US video streaming provider Netflix has built out a full replica of its services between two data centres on either sides of mainland USA so it can ensure absolute redundancy of its services.
Netflix is a video-streaming service that has just about killed off the video rental business in the United States and is oft-cited as a model customer of cloud computing provider Amazon Web Services — so much so that AWS CTO Werner Vogels joked there should be drinking games designed around every time Netflix is cited on stage at AWS events.
Netflix has developed — and open sourced to the wider AWS community — some 35 tools that extend the Amazon Web Services platform for building and maintaining web-scale applications, known as the Netflix platform.
One of the main ways Netflix has extended the AWS platform is by adding features that aim to provide higher levels of availability. Netflix aims for four nines of availability - which means it should not have any more than 53 minutes a year of downtime.
The company has been lauded for its technical feats, among which include bots that randomly kill services to test and validate that the platform self-heals and remains resilient.
The company first introduced Chaos Monkey, and later Chaos Gorilla, to randomly kill off NetFlix services in an entire availability zone to simulate routing issues or power failures.
"Our services are designed around two key principles: isolation, in that changes or outages in one region should not affect services in others; and redundancy; which simply means having more than one of everything - so we distribute services across availability zones," explained Ruslan Meshenberg, director of cloud platform engineering at Netflix.
But for all its efforts, failures still happen. On Christmas Eve 2012, an Amazon Web Services technician made a configuration error that impacted the load balancers managing traffic to AWS's US-East region.
Netflix's engineering team came together to discuss how to cope with the rare occasion that an entire region (such as Australia, US-East or US-West) was suddenly made unavailable.
"We've learned a lot from that experience - and we've re architected our systems for cross-regional failover," Yury Izrailevsky, Netflix's vice president of cloud and platform engineering said.
By July, Neflix had not only developed but also open sourced a solution that aimed to handle any outages in elastic load balancers, dubbed Isthmus.
Meshenberg described Isthmus as a "tunnel to connect banks of Cassandra [database] replicas between the US-East and US-West regions."

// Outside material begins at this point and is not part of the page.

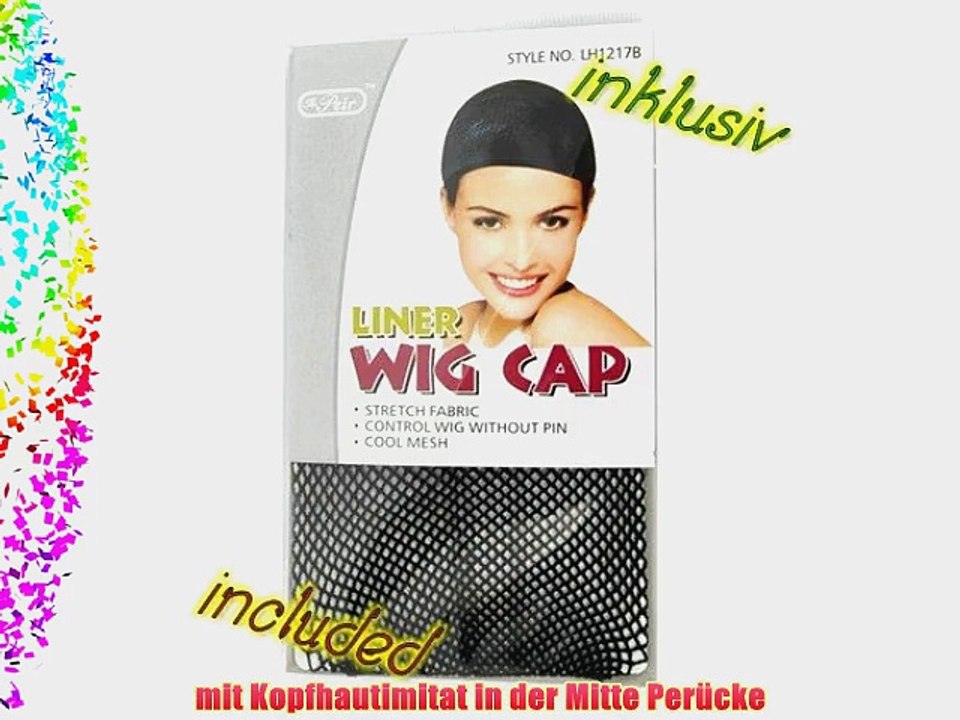 Prettyland C727 - 30cm gestufter Kurzhaarschnitt mit betonenden Wellen kurzhaar braun gestr?hnte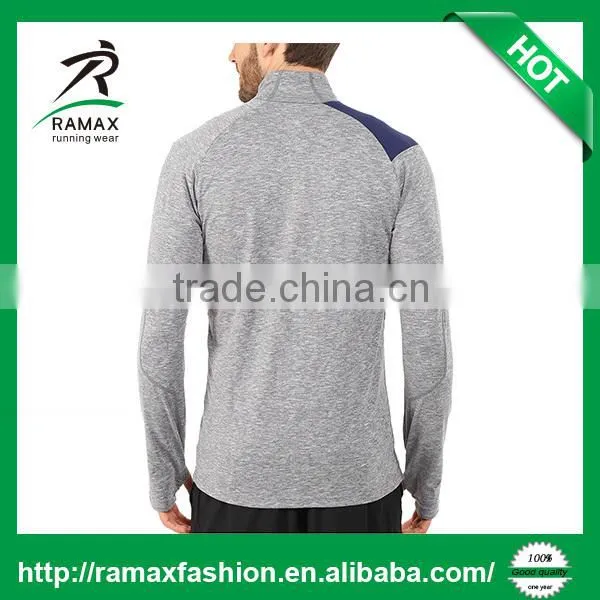 Ramax Custom Men Slim Fit Full Zip Running Jacket For Training Wear photo-3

In the case of a load balancing issue in one region, Isthmus would step in to force change the DNS to route all traffic to the unaffected region (rather than the usual geo-routing based on which side of the Mississippi River a user request originated from).

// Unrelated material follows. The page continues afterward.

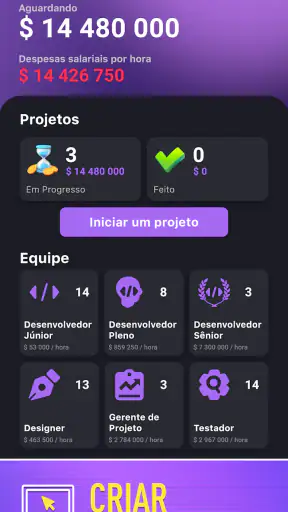 Idle Startup: Jogo De Empresa screenshot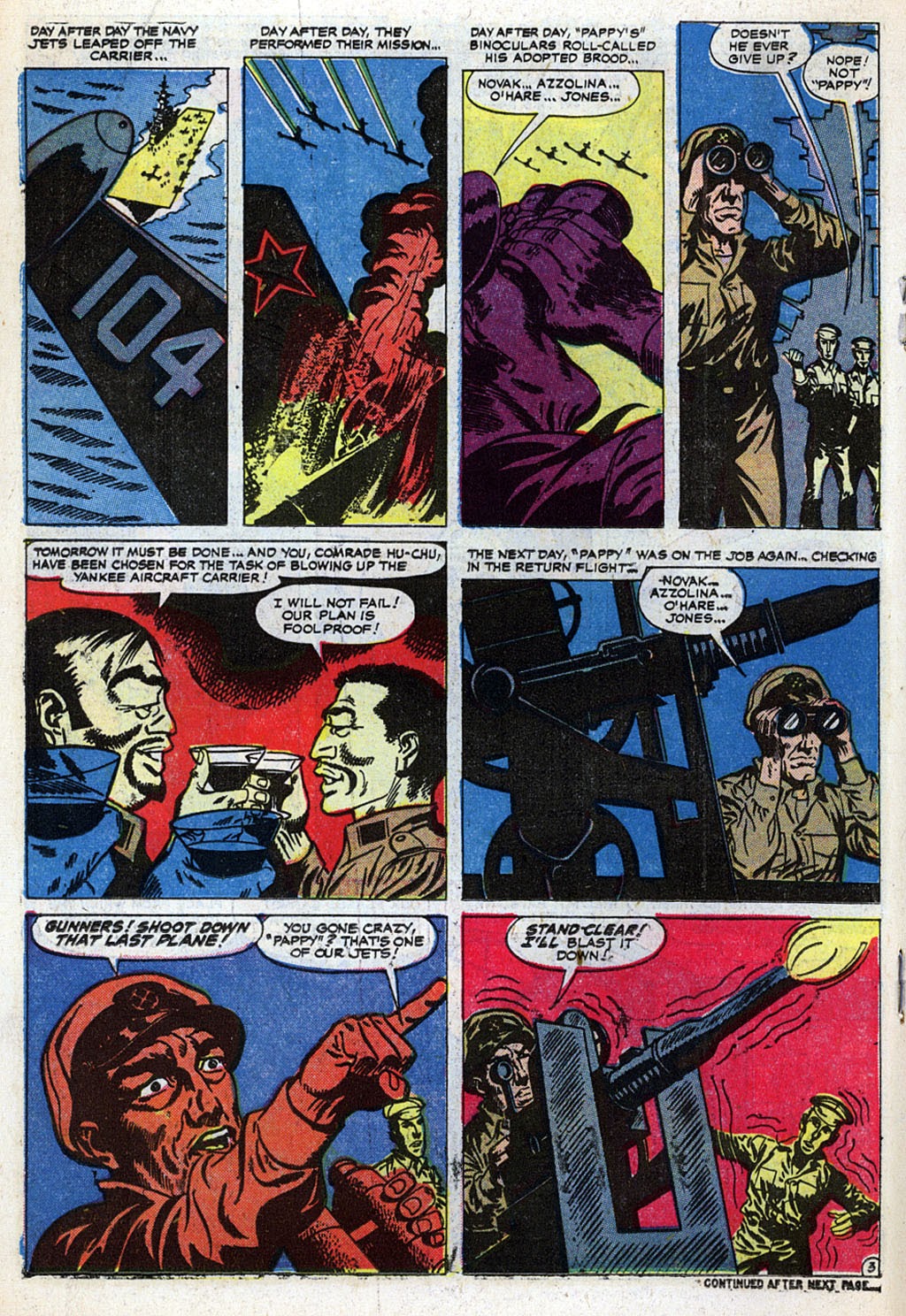 Read online Navy Combat comic -  Issue #14 - 18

Meshenberg's team was tempted to build similar tools for other components of the stack that could be prone to failure — but hesitated on the basis of the time and effort took to build Isthmus.
"Isthmus only works for elastic load balancing failures," he said. "The DNS layer could also be a point of failure, but we realised it is not worth developing a one-off fix for every service."
The company has instead deployed a full stack of services in both the US-East and US-West regions and built an active-active infrastructure for full regional resilience.
"We have introduced cross-regional DNS routing," Izrailevsky said. "In a stable state, customers on the East Coast would be served from Amazon's Virginia data centre and the West Coast from the Oregon data centre. If one region went down, we would simply spin up additional capacity in the other one."
Meshenberg today demonstrated to attendees at AWS' Re:Invent conference how — during failover testing of the new service — Netflix routed 18TB at 9Gbps of inter-region traffic and recorded over a million database reads and writes during the outage without losing any data.
In tandem with the active-active project, Netflix has added yet more monkeys to its famed Simian Army, which may at a later date be open sourced. Among them is the Chaos Kong monkey that randomly simulates the outage of an entire region to test the resiliency of a service.
From a longer term disaster recovery perspective, every data element on the Netflix network is replicated in three availability zones in each cloud region, and routine snapshots are taken of the total storage pool in Amazon S3 and stored in both another region and with a non-Amazon cloud provider.
"With enough speed and scale, everything fails eventually," Meshenberg said. "But the good news is you can do something about it."
Brett Winterford travelled to Re:Invent as a guest of Amazon Web Services.